Cruz has been showing this image for probably a decade as part of his broad gloss of the north-south dimension of immigration and the "neo-liberal" economic system that he continually confuses with an imperial system that was destroyed about a half-century ago by two world wars and successive national liberation movements. (What about South Africa, Brazil, Argentina, India, China, South Korea, etc. etc.?) The imperialist critique that he is using is at least a half-century out of date, and there are very real reasons why political scientists don't use these terms any more. They don't work. They don't apply in any useful way to the present organization of the economic and political system. They are not useful for providing more power to disempowered populations. They are not useful for building houses. They are not useful for planning. They don't help explain why the United States has the most open immigration policies of any country in the world and conceives of itself as a nation of immigrants. They have no application except for the purposes of his career lecturing to very politically naive architects with good intentions who have never studied social or political science. This is probably why Cruz has not produced any architecture or changed any zoning regulations or had any useful effect on the lives of the people for whom he claims to work and to speak. He was also written about very uncritically by Ouroussoff--glorified really--relatively early in his Times reign, but that's worthy of its own separate investigation.

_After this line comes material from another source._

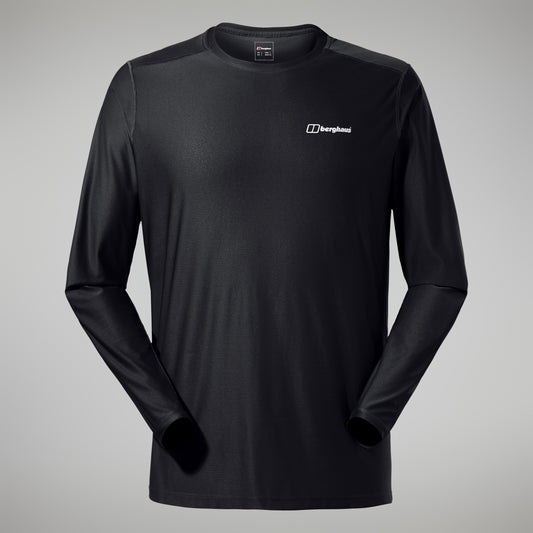 Black long-sleeve shirt with a Berghaus brand logo on a gray background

Incidentally, Cruz also sees his work as a reaction against the symbolic and representational formal architecture of the previous generation. The problem is that his explicitly political and economic critique of architectural practice, apart from being based on an outdated understanding of contemporary political and economic structures, does not hold itself to a pragmatic standard of trying to achieve real political and economic effects in the world. His critique is so ideological, in fact, that it could not even conceivably have any real consequences. He even admitted in an interview a few years ago, in which he was shocked and angry to be asked implicitly critical questions, that he was against micro-credit regardless of its positive effects and concerned that shantytowns could be "gentrified" if the residents are given title over property! If poor people are granted the ability to buy and sell property and improve their conditions through their own initiative, this is "neo-liberalism."

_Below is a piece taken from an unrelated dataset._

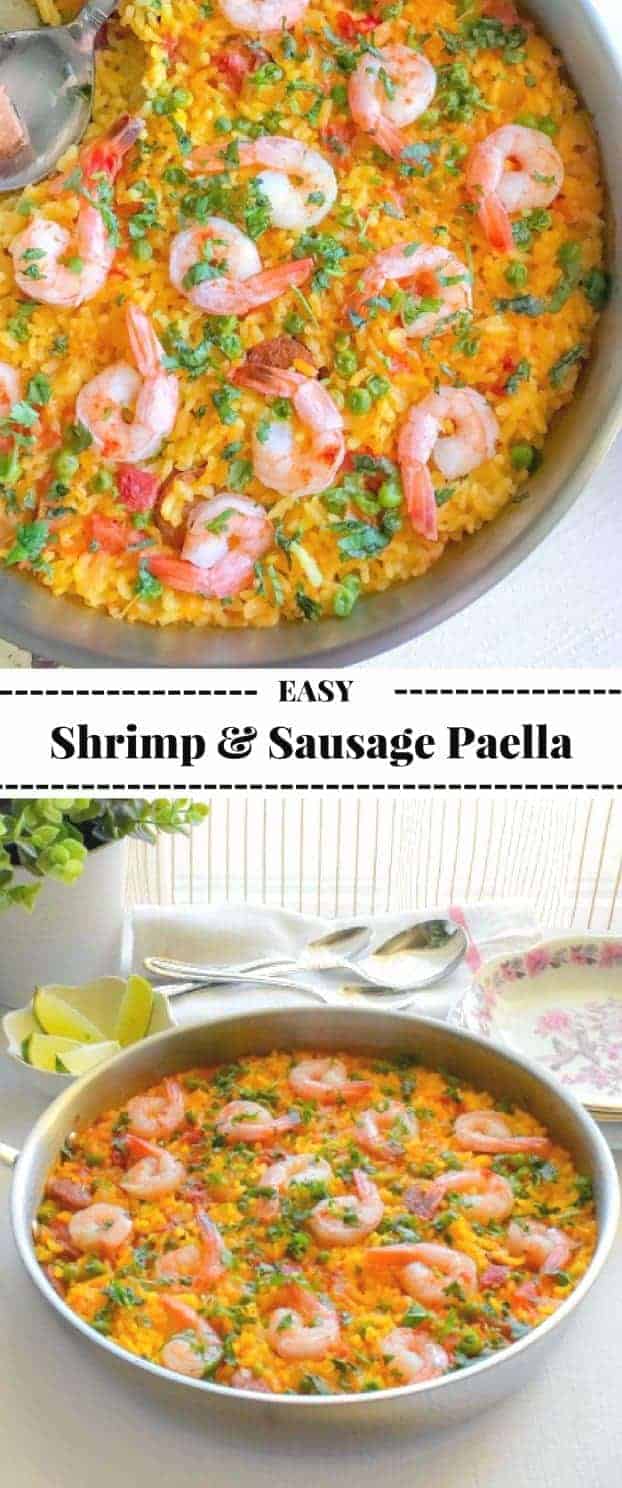 Easy Shrimp and Sausage Paella Recipe: #paella #shrimp #spanish #SeafoodAlFrescoWithLagostina @lagostinaUSA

A few years ago, architect and Columbia professor Michael Bell completed this lovely house in upstate New York, intended as a vacation home for a gay couple, one of them a screenwriter and the other a photo editor and writer. Bell is the kind of architect who cares deeply about ideas and devotes an extraordinary amount of time to coaching and encouraging his students. He committed a huge amount of time and energy to thinking about this house. As a result, it is invested with a lot of ideas, some of which were possible to be realized in it--experiences of visual perception and space that orient the self in relation to other people in the house and produce a very special sense of the natural world--and others that are not really possible--a transformation of consciousness that would extend a political critique of the contemporary social order beyond its practical use as a weekend and summer home for bourgeois intellectuals. That's just to say that I do believe that ideas have consequences and that the unique experiences produced by architectural spaces have the capacity to make us think differently and exist in the world differently, but one has to be very careful about attributing a larger significance to these effects beyond the context in which they are situated.

This addition to the Nelson-Atkins Museum in Kansas City by Steven Holl Architects is an extraordinarily beautiful (and expensive, at $550 million) project that takes a similar set of ideas, especially in regard to spatial experience and perception, and applies them to public space (admission is free), so that these effects could have some broader social consequence. As a project partly intended to boost the civic pride, tourism, and international profile of a city still recovering from the decline brought on by suburbanization, I also think it's a kind of work that, when successful, deserves a certain amount of credit for operating in a useful way in relation to its social and economic context.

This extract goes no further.